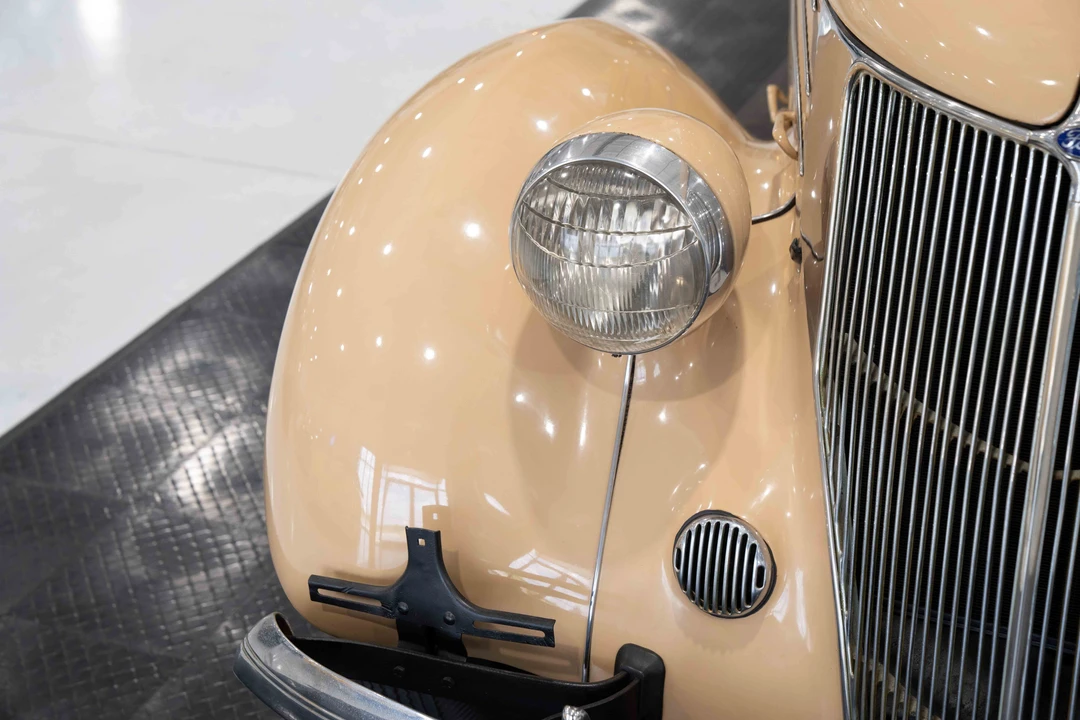 1936 Ford Model 48 & 68 - Image 10 of 31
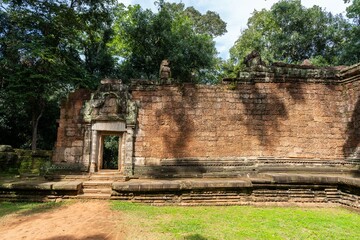Pullen Cambodia tower temple
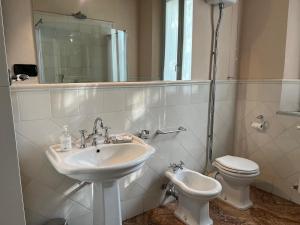 Koupelna v ubytování A Casa Di Paola Suite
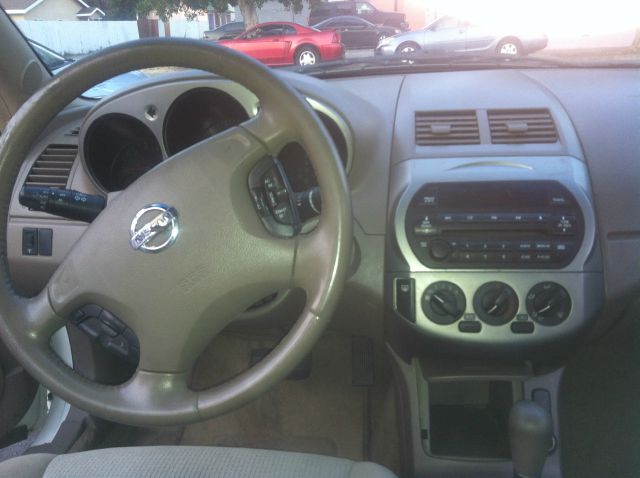 2003 Nissan Altima LE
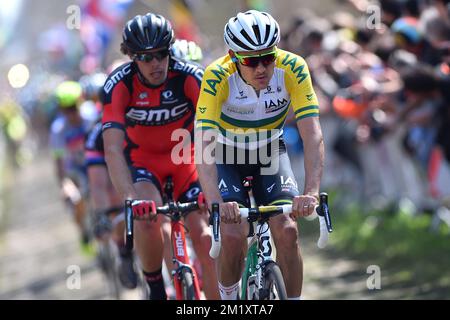 Australischer Heinrich Haussler vom IAM-Radfahren auf dem Kopfsteinpflaster von Wallers-Arenberg während des eintägigen Radrennen „Paris-Roubaix“, 253,5 km von Compiegne zum Velodrome in Roubaix, Sonntag, 12. April 2015. Stockfoto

++++

● **Exercise**
Copy exactly, with no pictures, the lines from the line containing "2003 Nissan Altima LE" through the last line of the records above.

● **Answer to this task**
 2003 Nissan Altima LE
 Australischer Heinrich Haussler vom IAM-Radfahren auf dem Kopfsteinpflaster von Wallers-Arenberg während des eintägigen Radrennen „Paris-Roubaix“, 253,5 km von Compiegne zum Velodrome in Roubaix, Sonntag, 12. April 2015. Stockfoto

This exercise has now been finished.